Minnesotans rejoice as Canada readies to open its border
Canada's decision to fully open the border to vaccinated Americans next month was met with relief from many in Minnesota.
- "We are ecstatic," Tricia Heibel, president of the International Falls Area Chamber of Commerce, told us. "It's the best opening news we've had in over a year now."
Driving the news: The Canadian government announced Monday that it will lift a 14-day quarantine requirement for vaccinated Americans beginning Aug. 9.
Why it matters: The ban on nonessential travel at the border, which took effect in March 2020, caused frustration and financial pain for people and businesses on both sides of the Minnesota-Canada border.
Pre-pandemic, Heibel said residents in International Falls and neighboring Fort Frances, Ontario, regularly crossed back and forth to visit family, compete in sports leagues, shop or go out to dinner and movies.
- "Our communities are just quite honestly very entwined," she said, adding that many businesses consider both communities in deciding whether to open there. "All facets of our lives on some level have an integration."

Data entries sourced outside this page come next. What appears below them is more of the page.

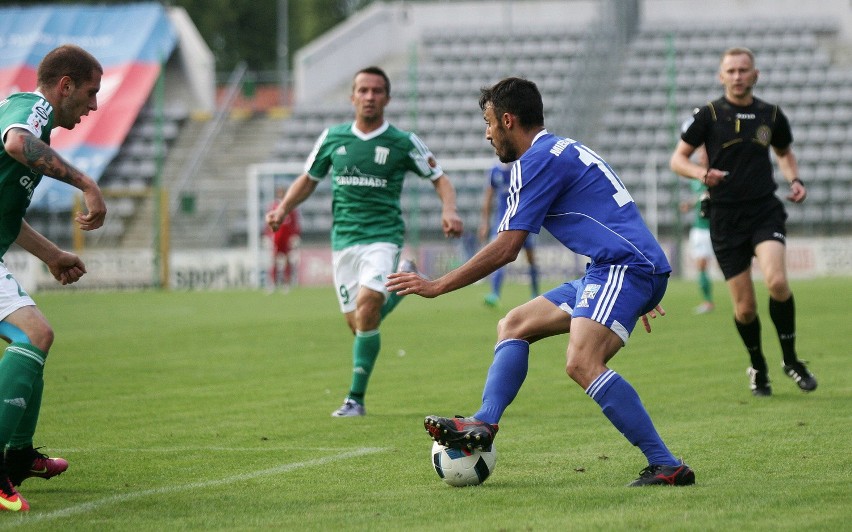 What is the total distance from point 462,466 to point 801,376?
13.8ft

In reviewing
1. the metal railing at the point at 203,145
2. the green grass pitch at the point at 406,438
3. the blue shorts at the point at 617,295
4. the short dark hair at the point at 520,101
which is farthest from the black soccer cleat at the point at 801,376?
the metal railing at the point at 203,145

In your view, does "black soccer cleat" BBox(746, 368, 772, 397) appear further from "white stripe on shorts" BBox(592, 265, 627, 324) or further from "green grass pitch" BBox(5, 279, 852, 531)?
"white stripe on shorts" BBox(592, 265, 627, 324)

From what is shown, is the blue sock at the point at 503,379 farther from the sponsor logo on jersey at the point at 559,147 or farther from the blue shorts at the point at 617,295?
the sponsor logo on jersey at the point at 559,147

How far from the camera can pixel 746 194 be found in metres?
9.35

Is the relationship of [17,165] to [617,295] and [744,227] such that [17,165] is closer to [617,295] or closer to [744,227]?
[617,295]

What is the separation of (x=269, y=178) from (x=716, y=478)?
25607 mm

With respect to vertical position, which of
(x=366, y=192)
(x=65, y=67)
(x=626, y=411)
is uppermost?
(x=65, y=67)

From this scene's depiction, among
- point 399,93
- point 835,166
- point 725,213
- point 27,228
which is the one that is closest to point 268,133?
point 399,93

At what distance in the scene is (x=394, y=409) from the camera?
9.09m

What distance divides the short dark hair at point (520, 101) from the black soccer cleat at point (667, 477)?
1.68 meters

By the numbers: Measuring the full financial impact is difficult given that the closure coincided with the pandemic. But some businesses in the resort-heavy Northwest Angle, which is cut off from the rest of the state by the Lake of the Woods, reported revenues dropping by 80% or more last summer.
How it will work: U.S. citizens and permanent residents will have to upload proof of vaccination onto the Canadian government app at least 14 days ahead of their trip, Axios' Ivana Saric reports.
- Travelers must also show proof of a negative COVID-19 test taken prior to their arrival.
Yes, but: Some business owners worry the testing and vaccination restrictions will remain a barrier, holding them back from a full economic recovery, per the Star Tribune.
What to watch: The U.S. hasn't said whether it will lift its land-crossing restrictions for Canadians.
The bottom line: This is good news for border communities — and those who like to visit them.